Seoul / Repères ( 2008)

Publié le par Tequilasan

Quelques clichés de Seoul en 2008

Le palais de Changdeokgung, une heure avant son ouverture au public. C'est ici que repose l'âme de Seoul alors qu'à peu de distance, 22 millions d'habitants s'apprêtent à passer leur journée dans l'une des plus grandes mégalopoles d'Asie.

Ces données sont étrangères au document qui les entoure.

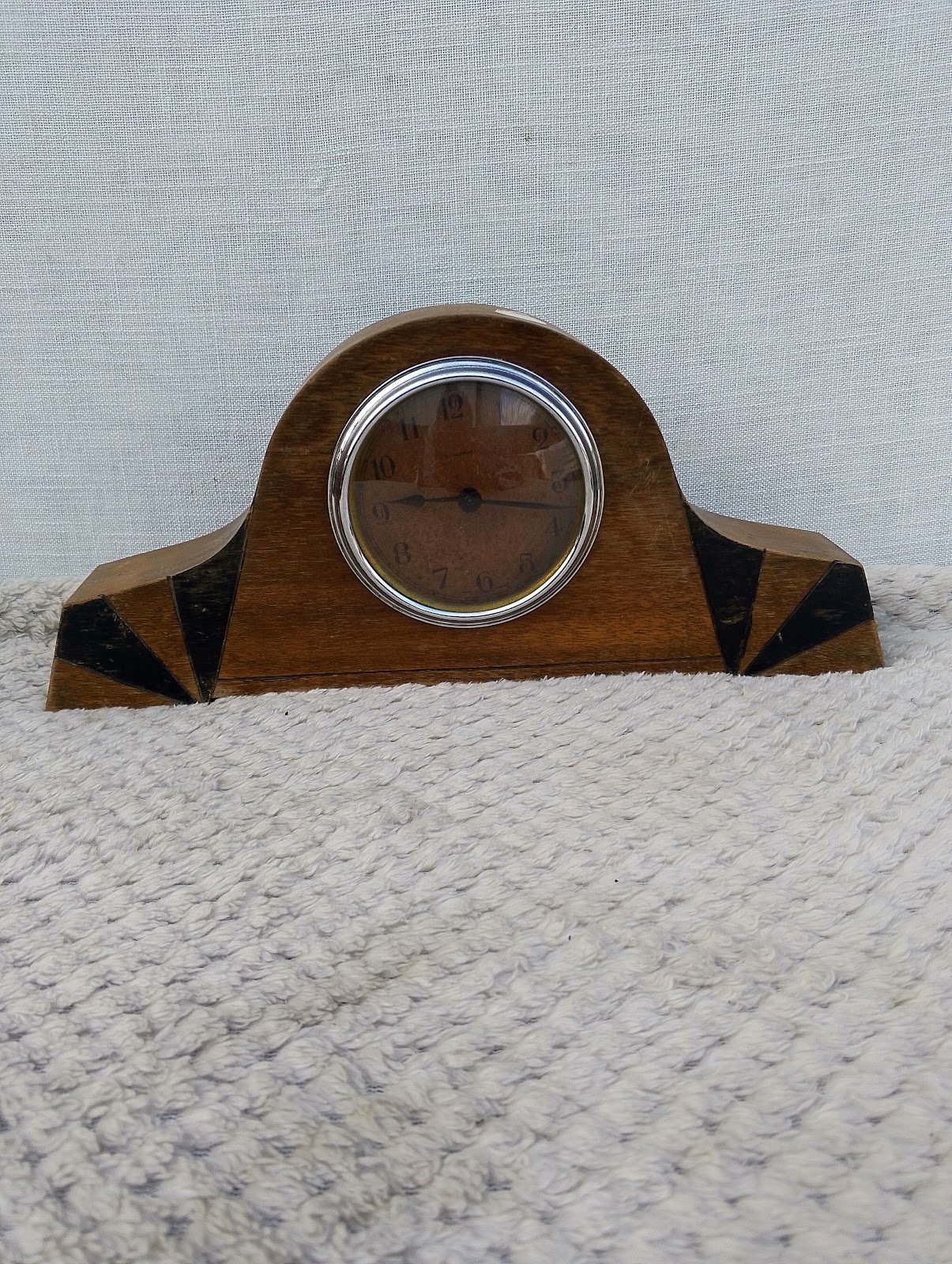 Antique Wooden Desk Clock Antique Wooden Desk Clock - Image 1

Ce qui frappe le plus en découvrant Seoul, c'est qu'elle n'est pas du tout homogène. Ici Dongdaemon à l'est de la ville : un vieux quartier décati qui tend à céder lentement le terrain aux centres commerciaux rutilants ouverts 24h/24

En entrant dans ce quartier, on découvre de nombreux stands de brics et de brocs, tenus la plupart du temps par des personnes âgées. On y vend de tout : des piments, des papayes, des chaussures, des ustensiles de cuisine ou des montres made in china...

Le contraste n'en est que plus saisissant avec les quartiers d'affaires modernes du centre ville. On y rencontre beaucoup de salary men en costume cravate et les trottoirs y sont pimpants.

Pendant ce temps, les petits vieux du Parc de Tapgol se retrouvent sous la pagode pour discuter de la pluie et du beau temps.

Un peu plus au nord du parc, le quartier des antiquaires Insadong : une rue incontournable où l'on trouve des  salons de thé, des boutiques artisanales et des restaurants traditionnels.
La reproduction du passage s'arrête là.